BEGIN

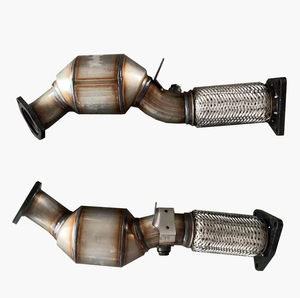 Convertidor Catalítico Delantero al por Mayor para Volkswagen Touareg 3.2 <span class=keywords><strong>BMV</strong></span> 2004-2006, Sistema de Escape para Automóvil - Product Image 2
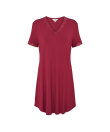 Lady Avenue - Bamboo Bamboo Short Sleeve Nightdress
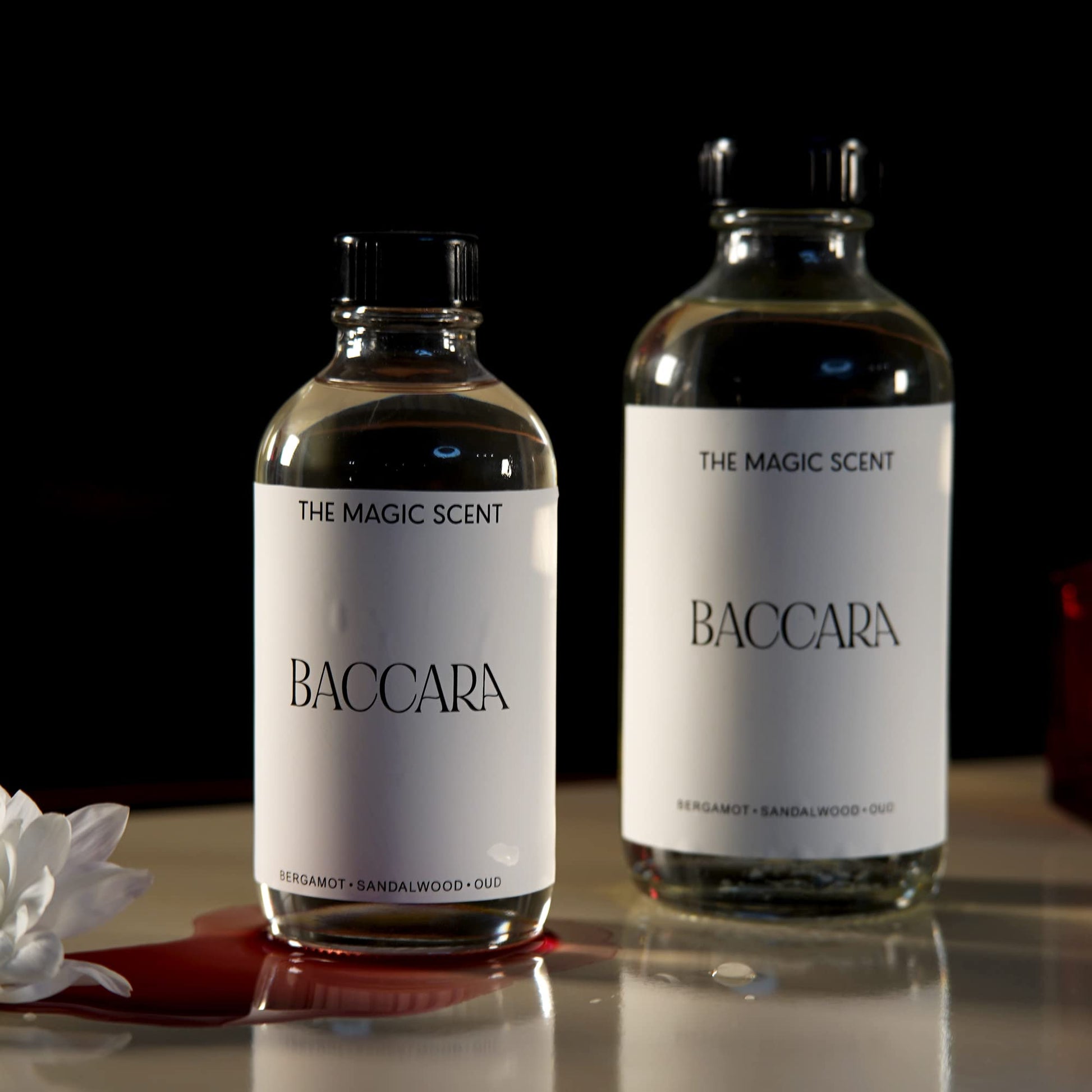 The Magic Scent "Baccara" Oils for Diffuser - HVAC, Cold-Air, & Ultrasonic Diffuser Oil Inspired THE MAGIC SCENTAu supplements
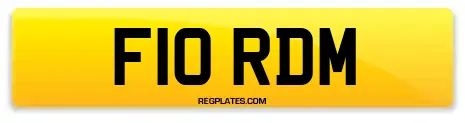F10 RDM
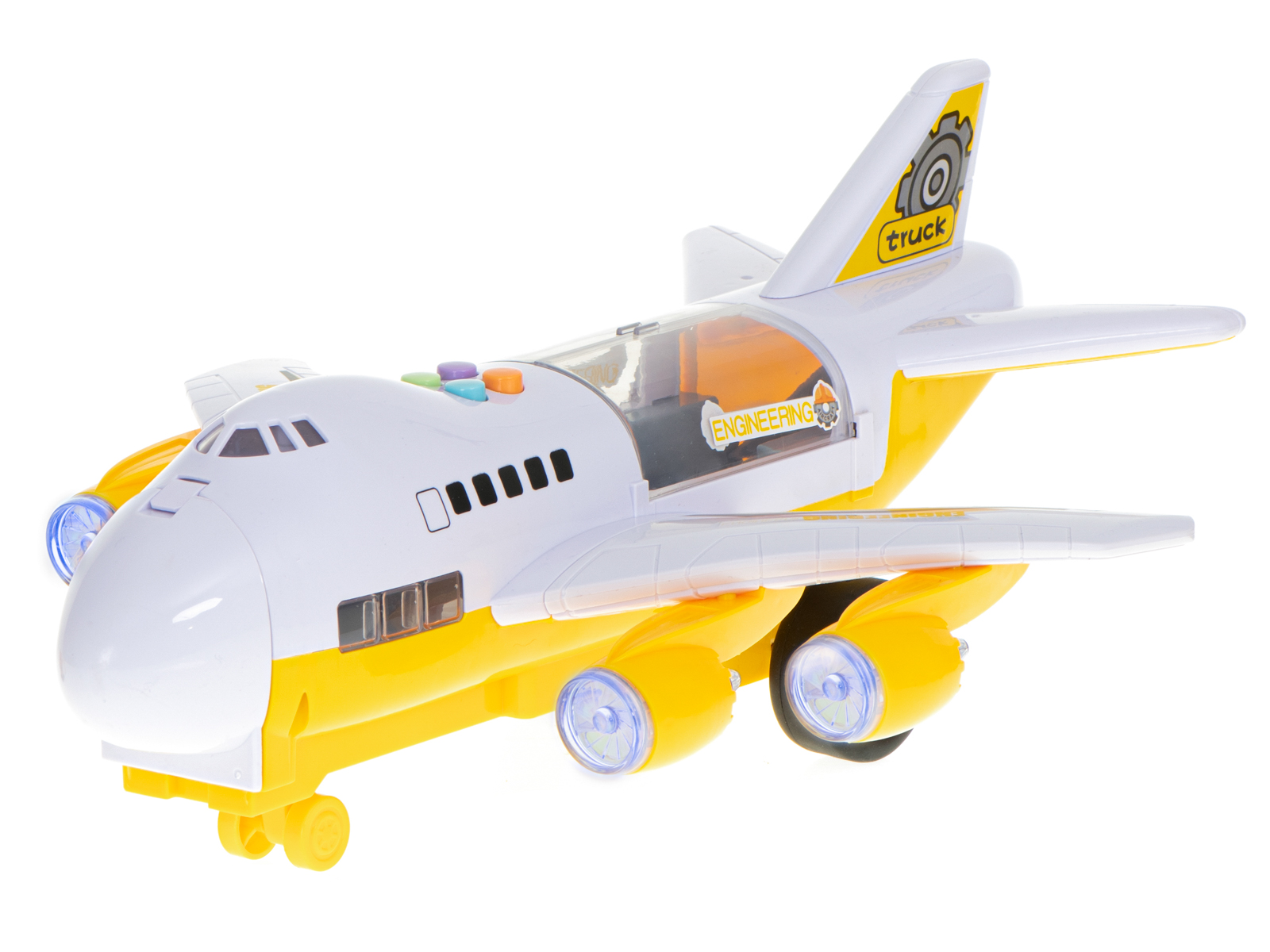 Transpordilennuk arendab käe-silma koordinatsiooni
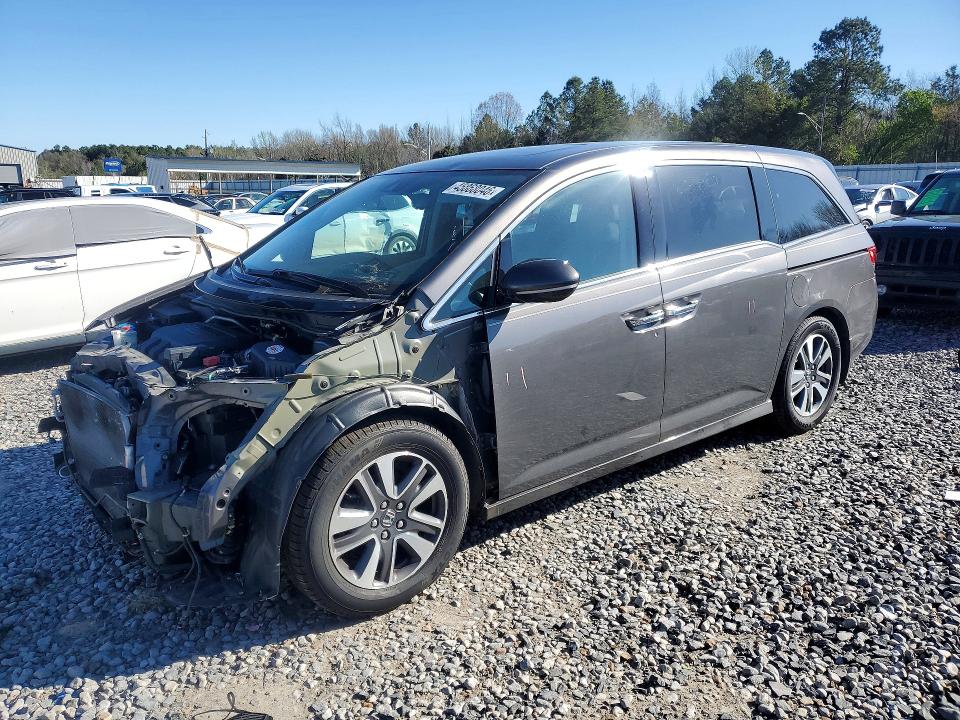 Продажа на аукционе авто 2015 Honda Odyssey, vin: 5FNRL5H91FB131060, номер лота: 45868046
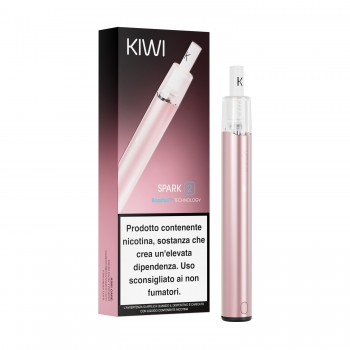 KIWI SPARK 2 STARTER KIT — ROSE GOLD — 0.8OHM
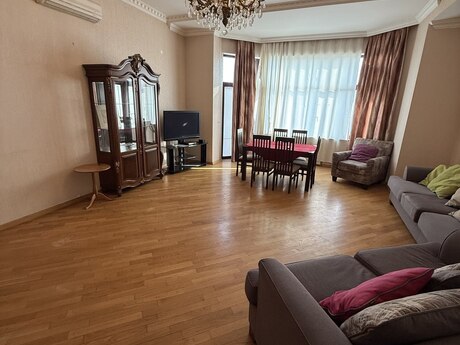 3 otaqlı yeni tikili - Sahil m. - 150 m²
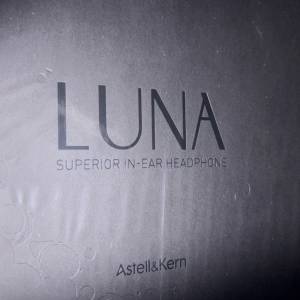 Astell&Kern LUNA日本製造平板單元入耳式耳機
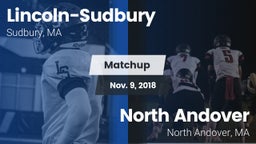 Matchup: LS vs. North Andover  2018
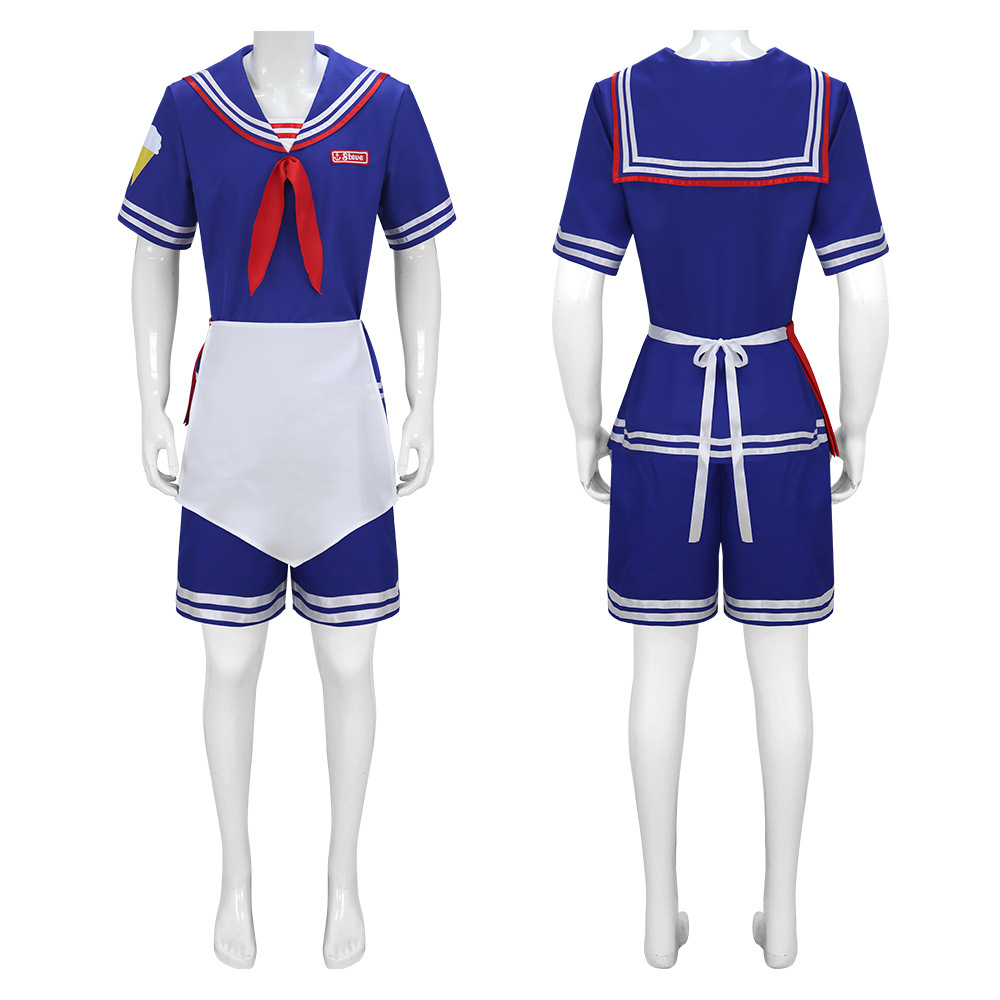 Fantasia de Cosplay Steve Harr - Anime Cosplay To Buy avaliação e preço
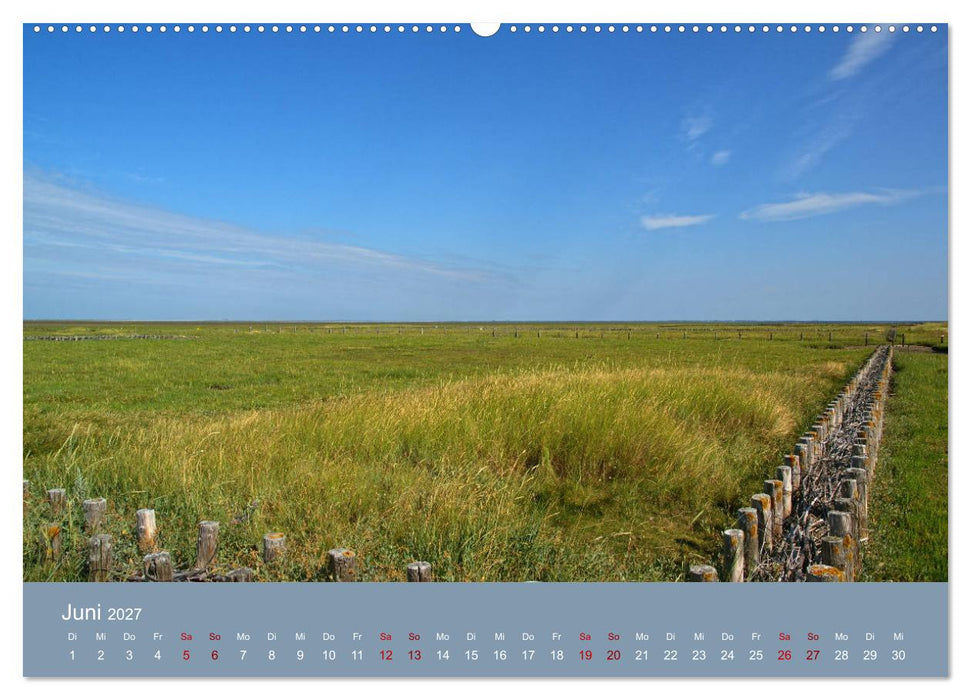 Westerhever (CALVENDO Wandkalender 2027)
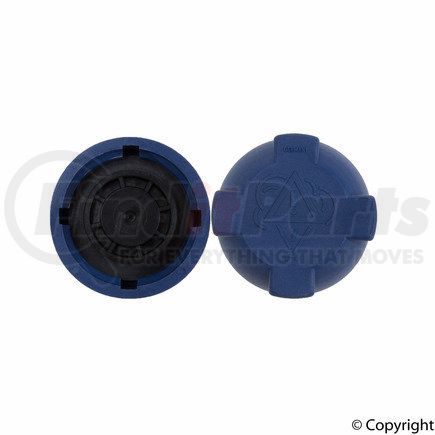 02269 by FEBI - Engine Coolant Recovery Tank Cap for VOLKSWAGEN WATER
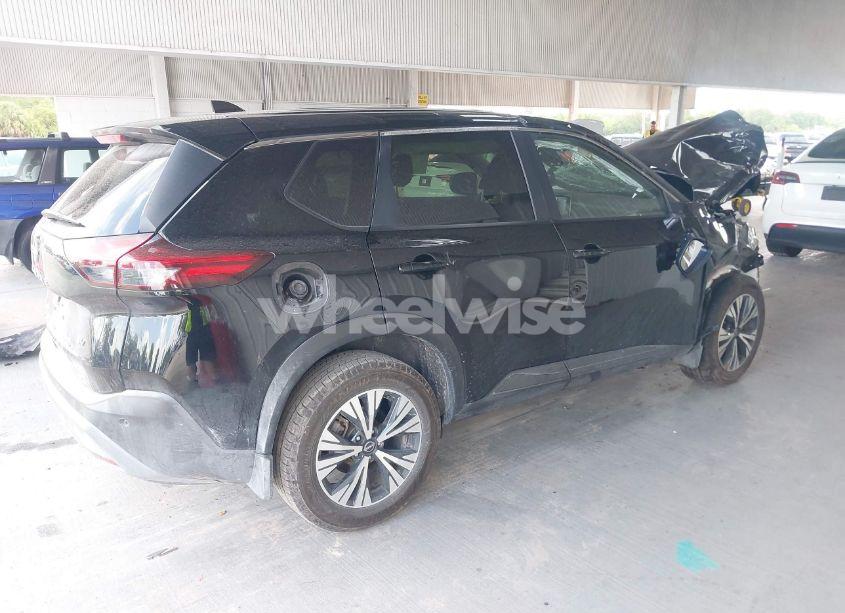 Photo 4 of 2023 Nissan Rogue SV FWD (VIN JN8BT3BAXPW415247)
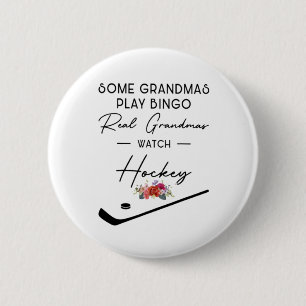 Einige Grandmas spielen Bingo Real Grandmas Uhren Button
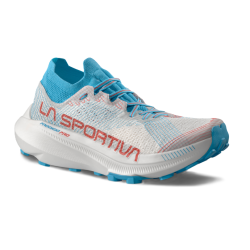 buty biegowe damskie La Sportiva Prodigio Pro - white/malibu blue- ZFRS101W00B02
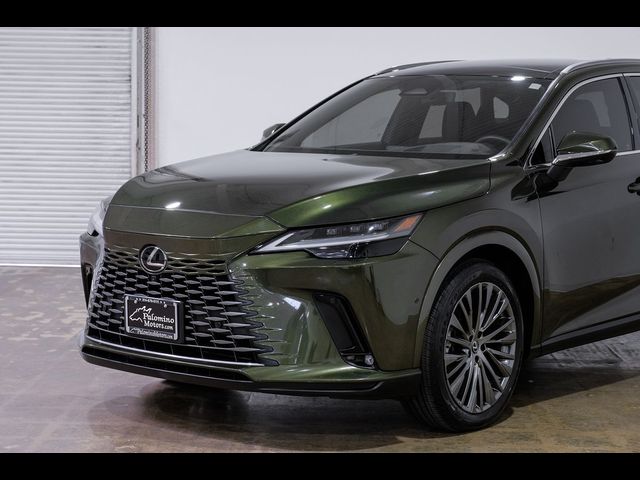 2023 Lexus RX RX 350 Luxury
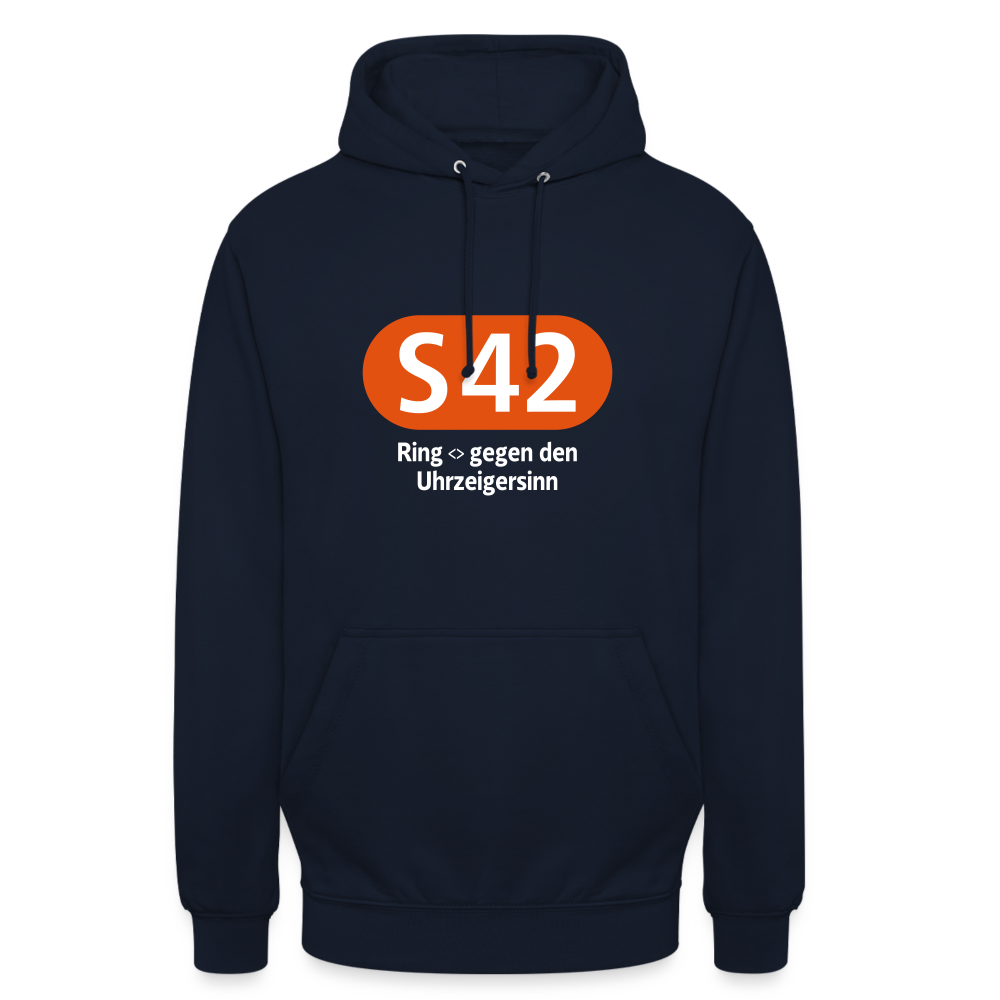 S42 - Unisex Hoodie - Navy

END

● **Description of the task**: Word for word, give again the lines from the first entry to the line with "Lady Avenue - Bamboo", inclusive. Exclude the pictures.

● **Answer to this problem**:
 Convertidor Catalítico Delantero al por Mayor para Volkswagen Touareg 3.2 <span class=keywords><strong>BMV</strong></span> 2004-2006, Sistema de Escape para Automóvil - Product Image 2
 Lady Avenue - Bamboo Bamboo Short Sleeve Nightdress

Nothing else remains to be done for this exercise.